Gimme a Smile: Laundry withdrawal

  • By PEGGY MCKEE BARNHILL
  • Sunday, July 31, 2016 1:00am
  • Neighbors

I have laundry withdrawal. I never thought I would say those words. All I want to do is wash my clothes, and I can’t. It’s been two and a half weeks since I’ve had a working washing machine in my house.

Picture a family of five coming home from a three-week vacation, suitcases bursting with dirty, smelly clothes. Now imagine that one of those five is getting on a plane in less than 24 hours for two weeks at camp, and for some reason desires clean clothes to pack in her duffle. What’s a mom to do? Laundry, of course. Piles and piles of it. At 45 minutes to wash and an hour to dry, multiplied by maybe eight piles, we’re looking at a nine-hour day of jet-lagged laundry, at a minimum. Except … the washing machine is leaking. Water is running across the garage floor in a steady stream. My ability to do laundry is compromised. Forget WikiLeaks — I have a WasherLeaks situation at my house.

Of course, we returned from vacation on a Saturday, the plane flight to camp is on Sunday morning, and appliance repair shops don’t open until 8 a.m. on Monday. What’s a mom to do? Short of purchasing an entire new wardrobe, down to the socks, the only option is the laundromat.

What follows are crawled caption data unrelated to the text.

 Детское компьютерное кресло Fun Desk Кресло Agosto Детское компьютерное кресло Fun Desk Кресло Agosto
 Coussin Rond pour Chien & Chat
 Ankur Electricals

Now I’m in laundry triage mode. I only need to wash enough to get the family through Monday, and get the child on the plane with clean clothes for camp. I load up six laundry baskets, scrounge every quarter I can find in the house and set off on my mission.

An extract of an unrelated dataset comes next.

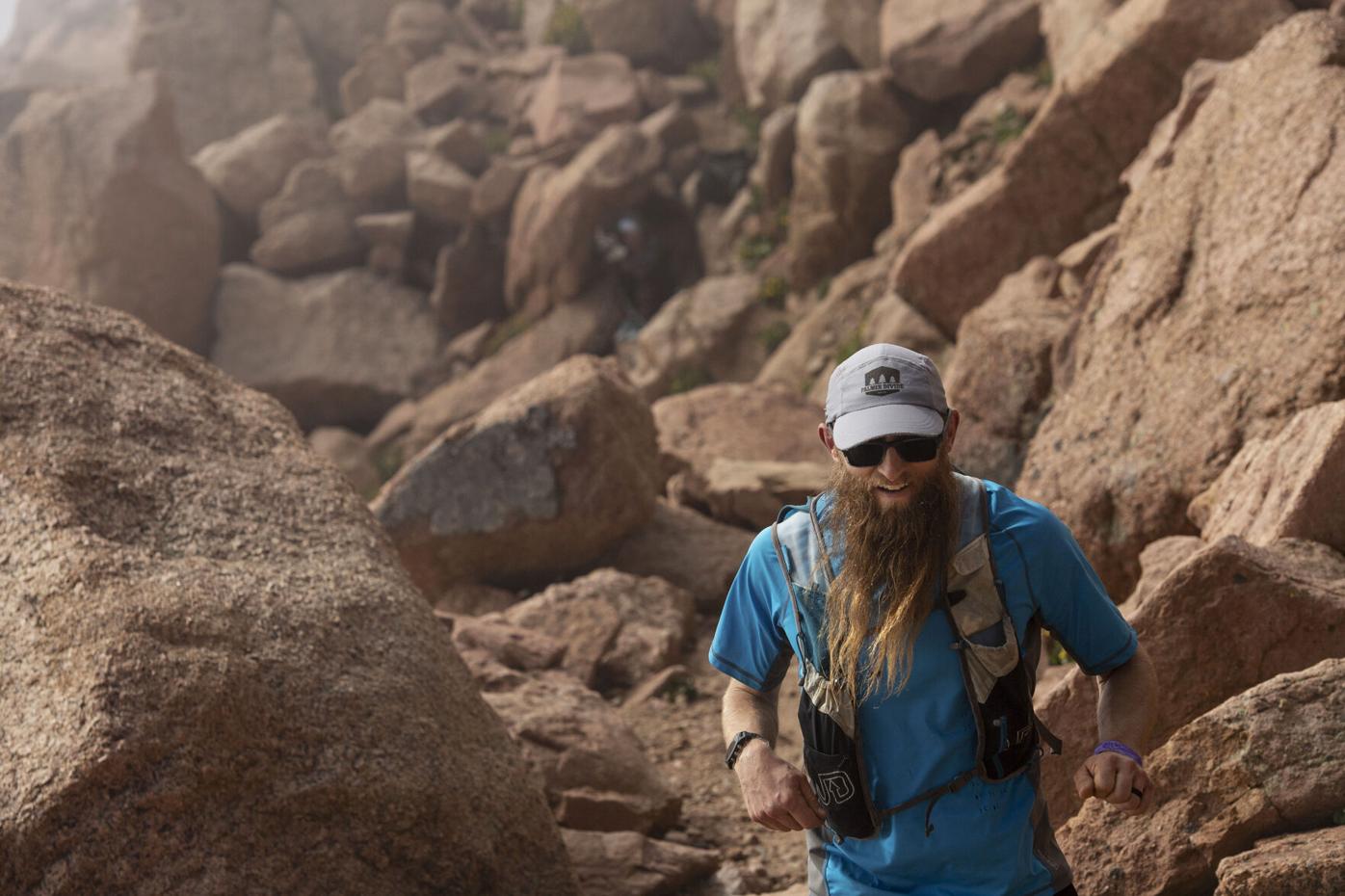 082221-news-pikespeakascent 28.jpg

What I fondly imagine to be six loads fills eight washing machines, and every quarter in the house is not enough to finance this laundry operation. At three minutes a quarter for the dryer, I would break the bank before my clothes ever had a chance to get wrinkled. Luckily I have lots of time during the wash cycle to realize that there is nothing wrong with my own dryer, so I finish the job at home in time to get clean clothes into the suitcase for the morning flight.

But my laundry travail is not over. A week from Monday (evidently I’m not the only one in town suffering from a malfunctioning washing machine) the repairman diagnoses a broken part that needs to be ordered from out of town. Alas, duct tape will not solve the problem, but the repairman does tip me off that I can slide a tray under the washer to catch the drip. After a week without a washing machine and a second bank-breaking trip to the laundromat, I’m open to any useful hack. My washer is back in action, as long as I remember to bail out the tray after every load. I’m still rationing my laundry, saving the unessential pieces for the happy day when the washing machine is finally fixed.

So, in the midst of the washer drama, with laundry withdrawal still clouding my senses, another appliance disaster strikes. A noxious odor emanates from the freezer, coming from the fan in the back. Visions of toxic coolant leaking into the air make my washer leak seem trivial by comparison. What’s a mom to do? With a brain fuddled by poison gas from dirty socks and fridge fumes, I am about to head to the appliance store to drop a bundle on a new refrigerator, when my son saves the day with his immortal words, “Smells like pickles in here.” Not toxic coolant — pickle juice. A family-sized jar of pickles had fallen on its side on the bottom shelf of the fridge, leaking pickle juice to pool in the wells under the fruit drawers. Somehow the pickle juice had infiltrated the circulation system of the refrigerator, to emerge from the fan in the freezer and cause a panic in a vulnerable household. Case closed, with no duct tape, repairmen or bank breaking involved!

Oh, did I mention the nighttime beeping coming from the garage? I actually thought it was a bird singing a very rhythmic, repetitive song. In reality, the carbon monoxide detector was going off, whether to signal a CO leak or a failing battery, we didn’t know. Woken in the night by incessant chirping in the garage, spooked by a possible poison seeping from our freezer, buried by dirty laundry awaiting the restoral of a working washing machine — what’s a mom to do? Looks like it’s time for another vacation!

• Peggy McKee Barnhill is a wife, mother and aspiring author who lives in Juneau. She likes to look at the bright side of life.